Here
are my replies to the relevant responses in response to my post on
the subject "Assamese and Bengali controversy in Unicode :::
Solutions"
*Mr Ewell
1.
The names of characters do not cause any kind of technical problem in
using them. Letters called “Latin” in Unicode are used to write
hundreds of languages that are not Latin. Different languages
sometimes call the same letter by different names, and this is also
not a technical problem.
*Mr Kolehmainen
The
various scripts to write the languages of Europe are indeed different
scripts, some of which are used to write many different languages.
*Mr
Shoulson
If
that truly is the concern here, then surely English should feel at
least as slighted. The word "ENGLISH" appears nowhere in
the Unicode database as the description of any character. Nor does
"ITALIAN", "DUTCH", or "FINNISH".
"FRENCH" appears only in U+20A3 FRENCH FRANC SIGN (a
currency symbol) and in U+1F35F FRENCH FRIES.
Even
"AMERICAN" shows up only in the emoji U+1F3C8 AMERICAN
FOOTBALL. I think this demonstrates that having a name on a character
in Unicode does not indicate anything about how literate a language
is or should be perceived. Conversely, whatever script the Phaistos
disc is written in has its entire known literature consisting of a
single document, but it gets a whole section in the standard.
*Mr
Everson
The
Latin script is named as Latin, and Germans are forced to use it, and
the Irish are forced to use it, and even in India where English is
one of the official languages, the Bengalis and the Assamese are
forced to use it.
You
used the Latin script in your e-mail. But you were writing in
English, not in Latin.
Why
are you not coming out shouting about THE ENGLISH AND LATIN
CONTROVERSY IN THE UNICODE STANDARD?
BENGALI
LETTER RA WITH MIDDLE DIAGONAL could be named ASSAMESE LETTER RO. But
it hasn't been, because Bengali is spoken by 230 million speakers,
and Assamese is spoken by 13 million. Moreover, the script was
encoded about two decades ago, because it had been brought in because
of its standardization in ISCII.
Do
you really think it is unfair that, 230 million speakers vs 13
million speakers, the name Bengali has been preferred? Well, tough.

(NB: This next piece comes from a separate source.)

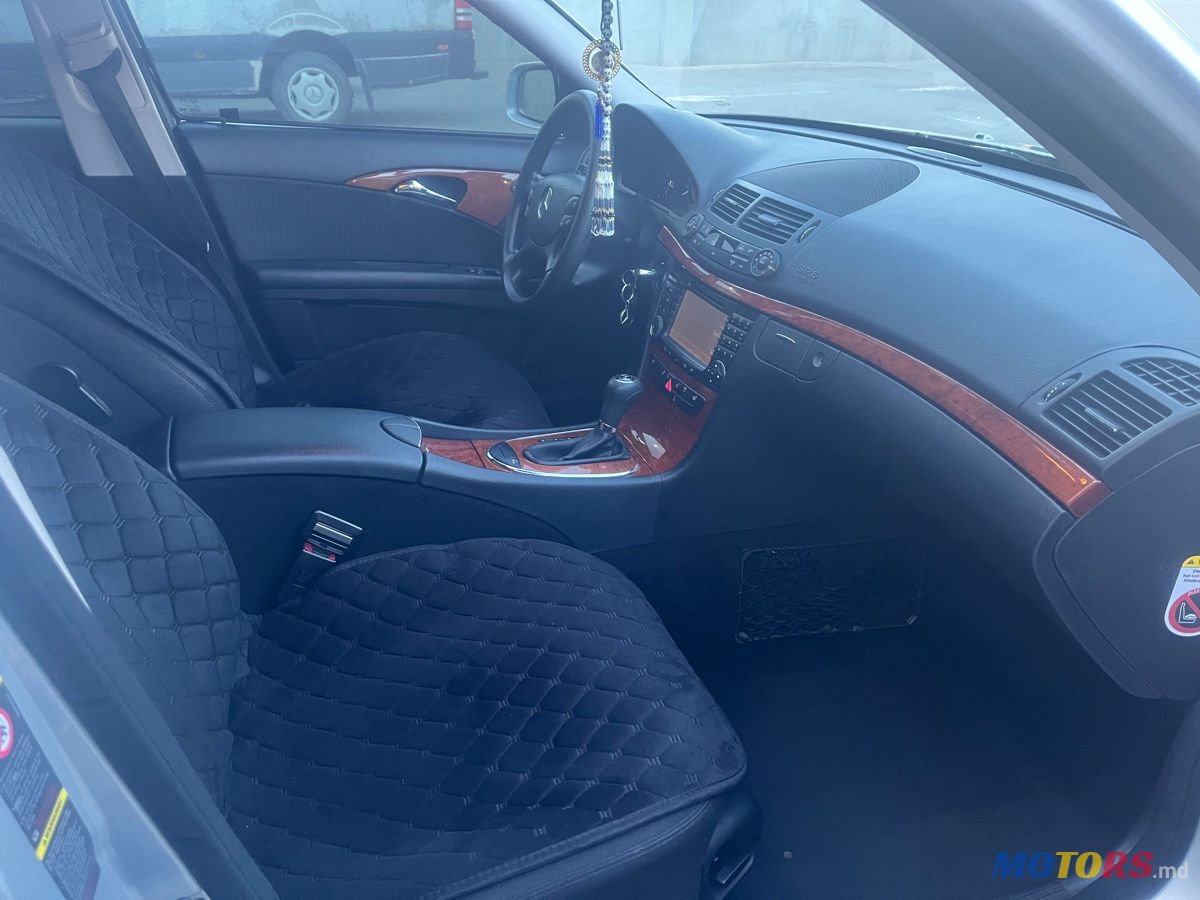 2008' Mercedes-Benz E Класс photo #4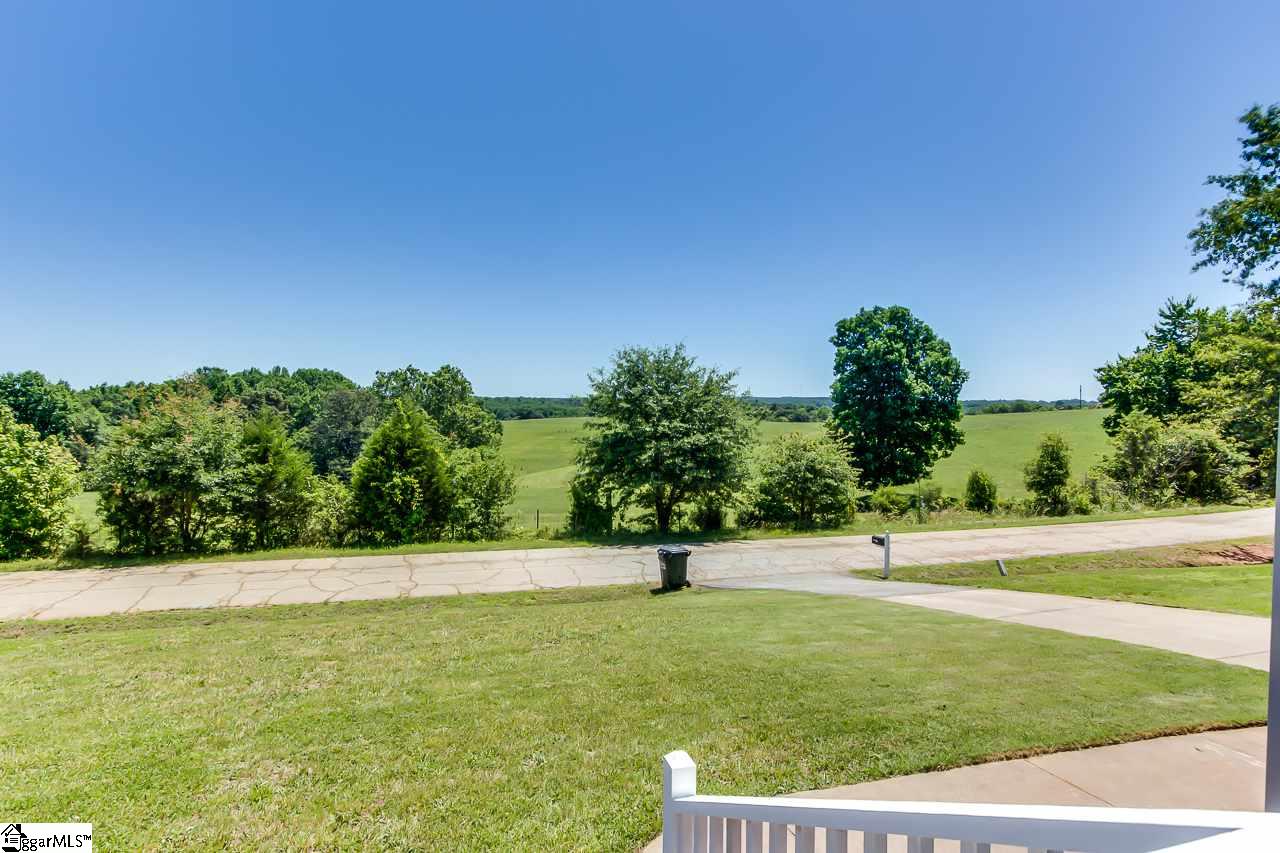 120 East King Road Greer, SC 29651 - Photo 4 of 35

Grow up. YOU DON'T KNOW HOW LUCKY YOU ARE to have your script already
encoded.
Reply
:
The
answer to these responses is exactly and accurately provided by Mr
Everson. I am telling about the "THE ENGLISH AND LATIN
CONTROVERSY IN THE UNICODE STANDARD". The Latin script developed
in ancient Roman civilisation and two nationalities are inheritors of
the Roman heritage the Italians and the Romanians. The number of
English speakers using the Latin script is far more than the Italians
and the Romanians put together. How will it be if the Latin script is
called the English script as is called so, by many ignorant people in
the third world countries.
This
has exactly happened when the script that historically developed in
ancient Assam then called Kamrup is internationally named as Bengali.
Bengali have got it from the ancient Assamese and used it by adapting
to their usage system because Assamese use it in a different way.
Worth
mentioning that Bengali may be considered a Sanskrit origin language
but Assamese is not. In the process they have omitted one important
letter making it phonetically incomplete. It is right for any
responsible international organisation be it Unicode or ISO to
misrepresent something on the ground that one community is larger and
more influential than the other ? I have explained this truth in my
report sent to the Unicode Consortium in November last year, it can
be found here and also here.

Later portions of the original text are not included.